If anyone had asked me back then if I was happy, I would have said yes. If anyone had asked me if I had friends, I would have said yes. But was I happy? A lot of the time, no! I was acutely aware of my difference and tried everything to hide it. Hell, it took me wagging school 14 days in a row before the school contacted my parents and people kinda twigged that perhaps all was not well.

And kids are cruel. Knowing I was a lipreader some would come up to me after school and mouth things like, “Are you a poof …?” No disrespect to lgbtqia+ friends and readers, but that’s what they did. I would look at them kind of blankly and they would all giggle and walk off slapping themselves on the back in acknowledgment of their own hilarity.

School in the mainstream was not fun. For me to openly say that I was not happy was to acknowledge my deafness. There was no way that I was doing that. As a kid, particularly as an adolescent, that is the last thing that you want to do. It can be tough, and while I am sure cochlear implants might have made this easier, the fact that a lot of young people with implants find their way to the Deaf community as they get older suggests that many of these issues probably still exist.

In 1996 I was employed as the Project Officer for the National Mental Health Education Project for Young Deaf People. I was able to research some of the social impacts of deafness on young deaf people. I came across many who were mainstreamed. Many socially struggled. I found that there were different types of young deaf individuals.

Those that sat on their own at lunch time. Those that chose a different friend every month. They would find a friend and smother them to death because it was easy to communicate with that person. Often times this ‘FRIEND’ would start to avoid them. So they would find another friend and the cycle would recommence. There were those who, in an effort to control communication and avoid having to listen, just spoke all the time, played the clown and spoke over others. AND – there were some that were well adapted and coped very well. Some could be any of the above mentioned at any given time.

The variations were stark. The impact on the self esteem and mental health of these young people could be severe indeed. I am pretty sure that many Deaf and hard of hearing people who read this will be triggered by what I am writing. I know that many took the pain of their younger years into adulthood. It took a lot of counselling and hard work to overcome the negative experience.

My own view is that it comes back to the fact that in these early days the message is, even if it is unconscious, ‘hearing Good, deaf Bad’. There is no value for deafness, no value for differentness.
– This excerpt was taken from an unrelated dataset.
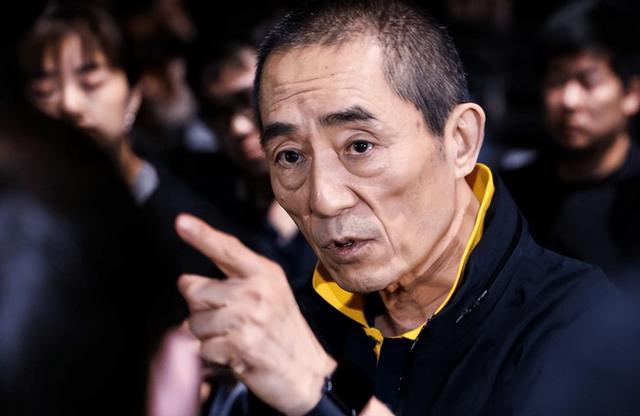 央视公开点名，张艺谋真实处境暴露，再次明白陈婷才是人间清醒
The consequence of this is that the young deaf person feels not valued unless they can show they can exist as a ‘HEARING’ person in a ‘HEARING’ world. It is that message, in my view, that does untold damage that can take years to repair and unpack.

I believe society can help by being loud and proud about being deaf. Let deaf kids meet other deaf kids. Let them socialise regularly. Value Deaf schools and units that support deaf kids. See them as viable options that add value to the education and development of deaf kids. The Deaf identity has a place, a very important place. The hearing world needs to value all of these things.

So your deaf kid says they are happy? Hopefully they are, but it ain’t necessarily so!